## Work instruction
Reproduce from the records below, with no pictures, exactly the lines between the one containing "Copy Of Shoe" and the one containing "Elegant Yellow Agate", inclusive.

## Material for this exercise
== Segment start ==
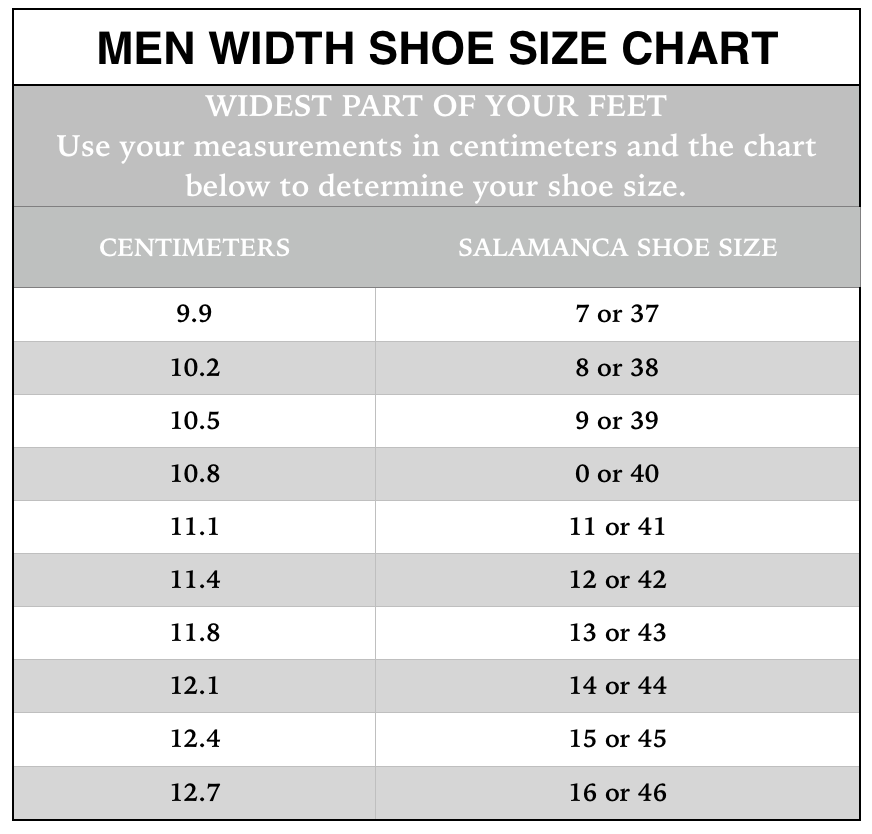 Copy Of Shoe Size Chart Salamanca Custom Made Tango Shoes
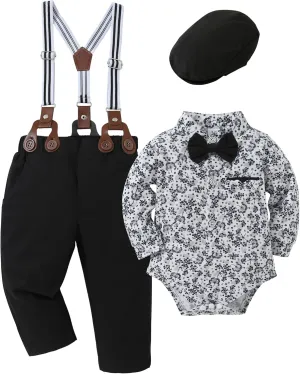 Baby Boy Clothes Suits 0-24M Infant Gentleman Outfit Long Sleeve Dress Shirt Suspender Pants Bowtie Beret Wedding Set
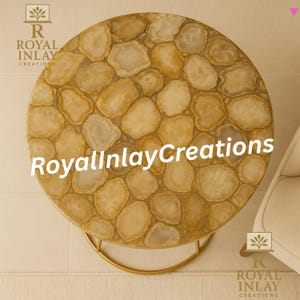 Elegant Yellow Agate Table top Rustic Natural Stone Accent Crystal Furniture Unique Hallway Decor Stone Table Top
== Segment end ==
== Segment start ==
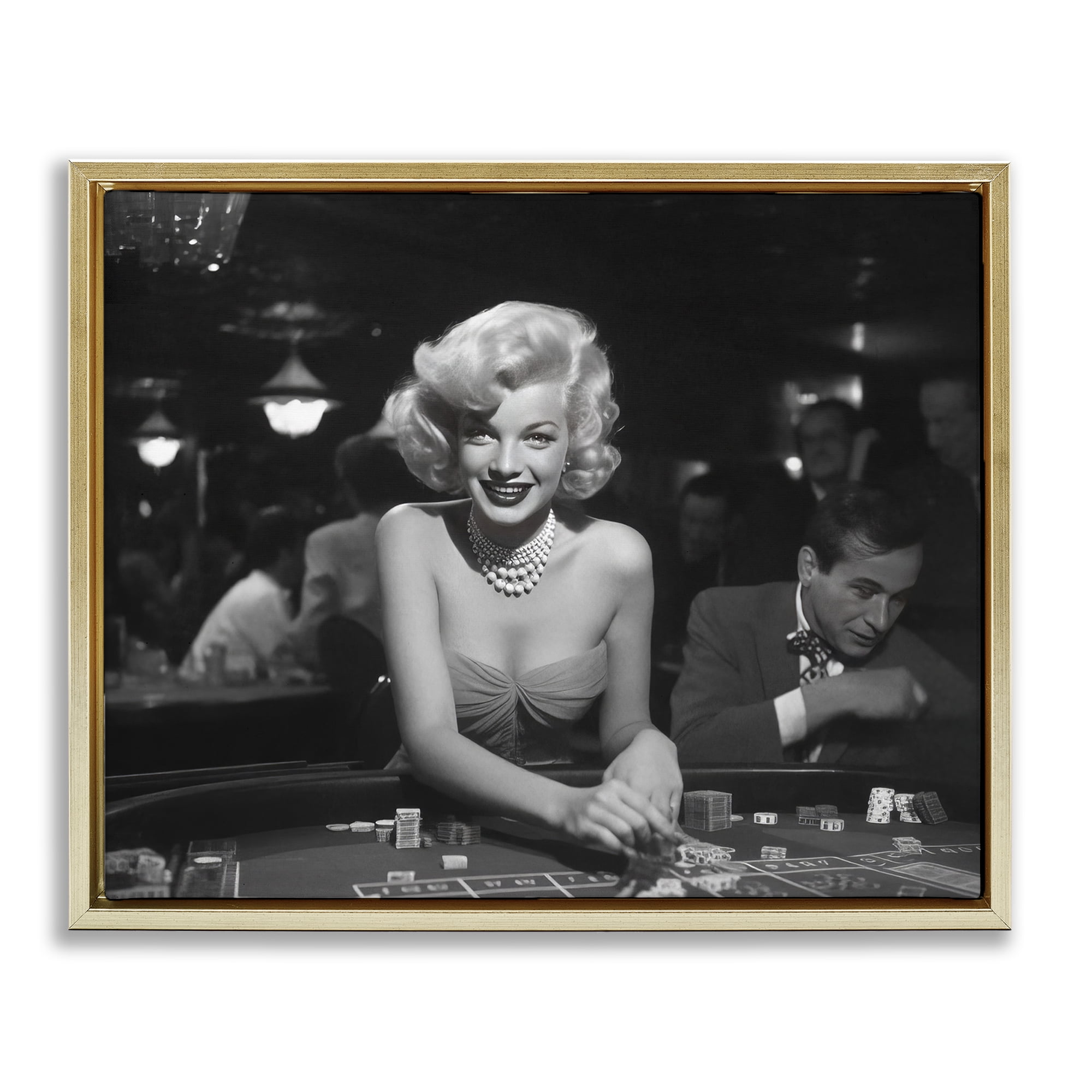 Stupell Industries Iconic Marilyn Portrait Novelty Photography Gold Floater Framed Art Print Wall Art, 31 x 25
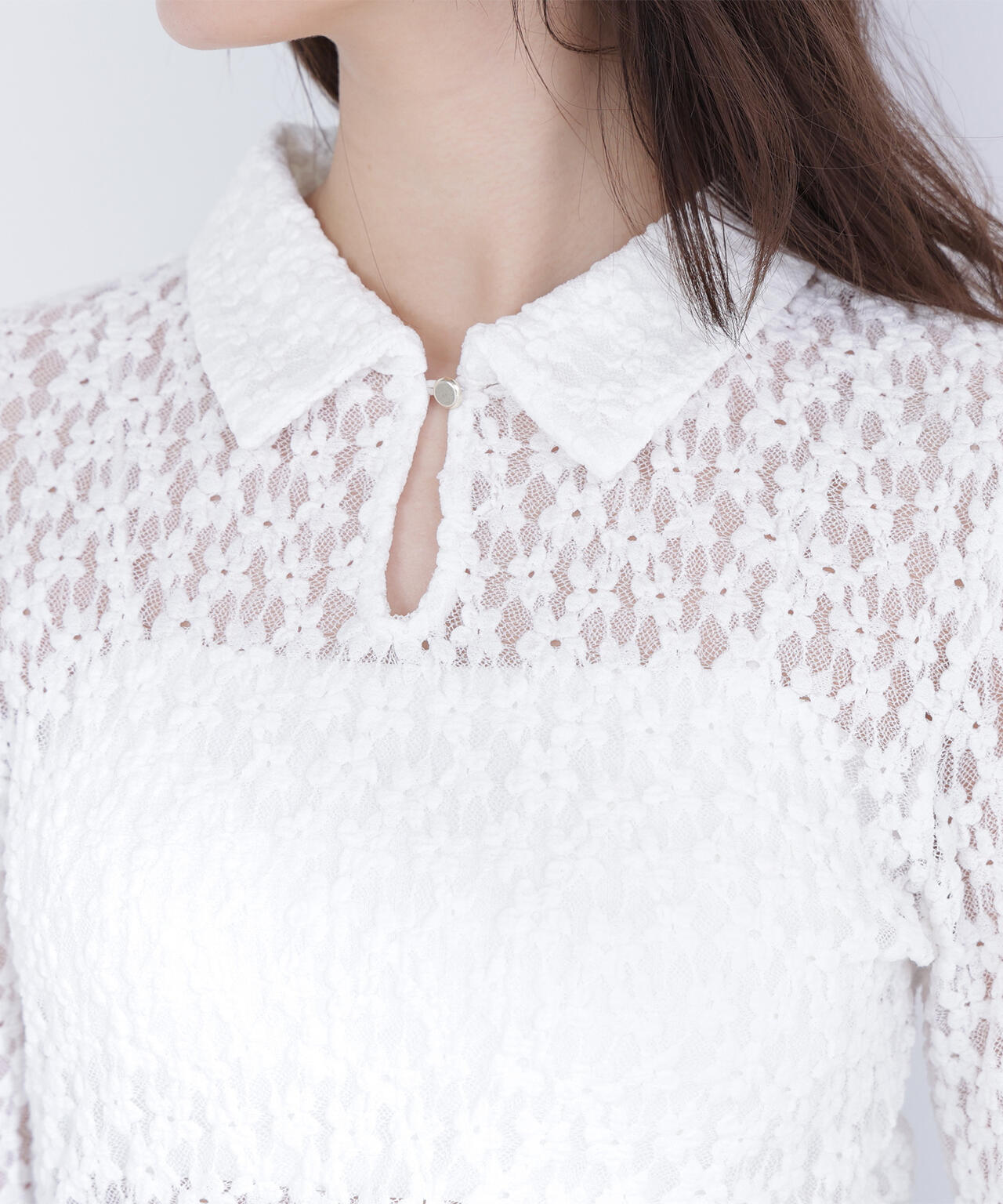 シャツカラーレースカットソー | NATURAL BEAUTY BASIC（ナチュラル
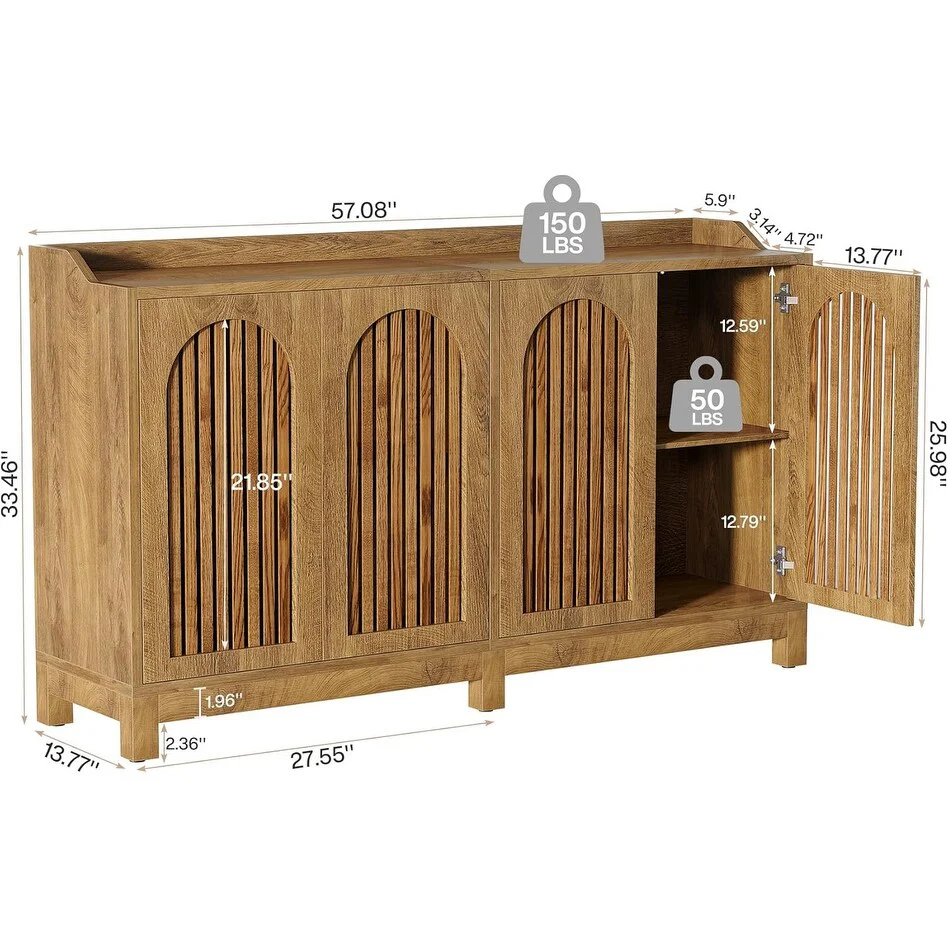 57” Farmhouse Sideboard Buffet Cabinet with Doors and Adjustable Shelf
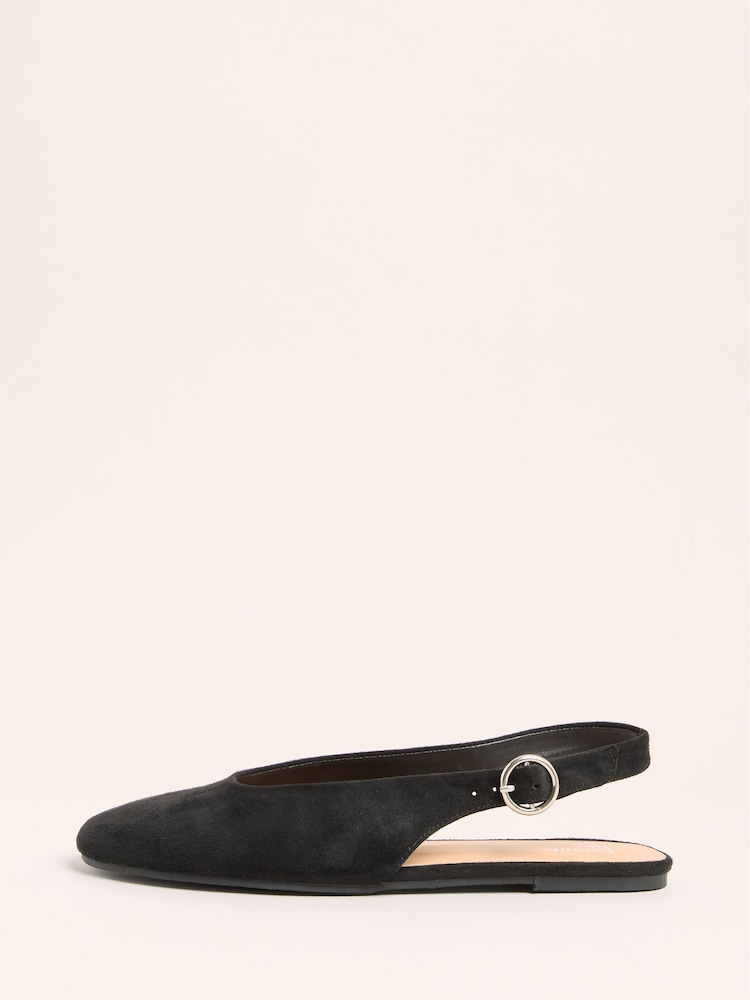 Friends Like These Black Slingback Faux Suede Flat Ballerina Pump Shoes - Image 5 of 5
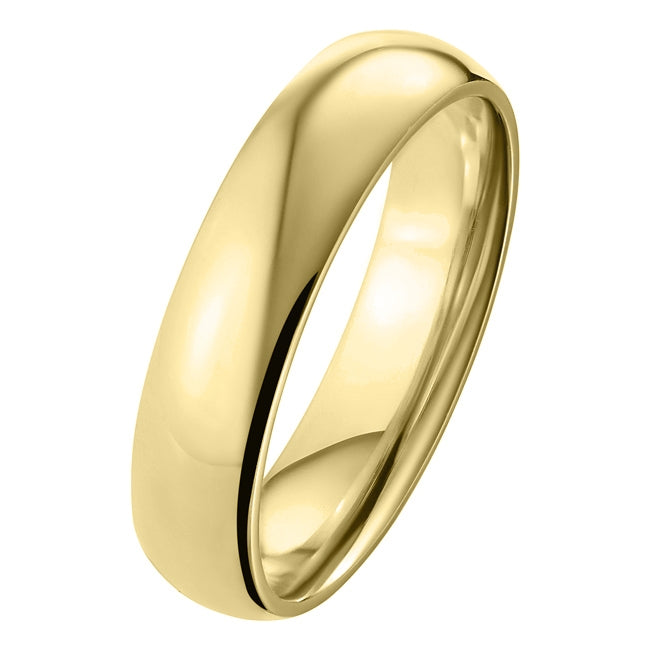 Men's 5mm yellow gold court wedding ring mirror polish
== Segment end ==
## Exercise response
 Copy Of Shoe Size Chart Salamanca Custom Made Tango Shoes
 Baby Boy Clothes Suits 0-24M Infant Gentleman Outfit Long Sleeve Dress Shirt Suspender Pants Bowtie Beret Wedding Set
 Elegant Yellow Agate Table top Rustic Natural Stone Accent Crystal Furniture Unique Hallway Decor Stone Table Top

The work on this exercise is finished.